> Exercise directions
The response should consist only of the lines from the one with "Ceropegia Ampliata Rooted" to the end of the data below, copied exactly and without pictures.

> Information provided

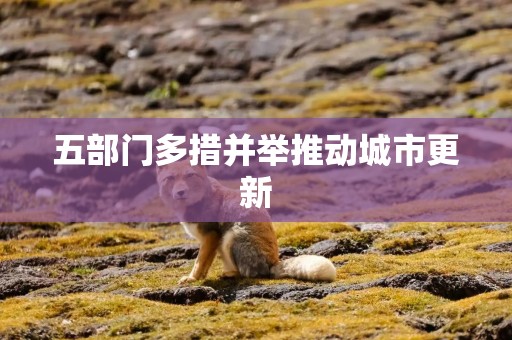 五部门多措并举推动城市更新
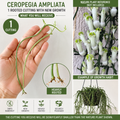 Ceropegia Ampliata Rooted Cutting – Bushman’s Pipe Vine – Unique Succulent Vine with White Green Flowers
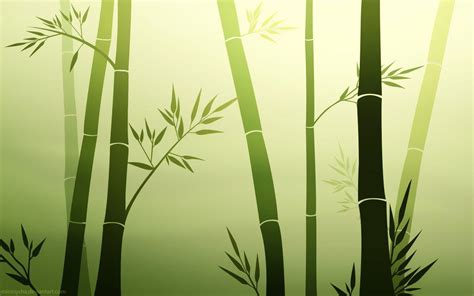 Cập nhật với hơn 64 về hình nền bamboo trieuson5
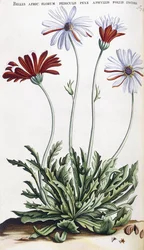 Bellis Afric: ...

> Response box
 Ceropegia Ampliata Rooted Cutting – Bushman’s Pipe Vine – Unique Succulent Vine with White Green Flowers
 Cập nhật với hơn 64 về hình nền bamboo trieuson5
 Bellis Afric: ...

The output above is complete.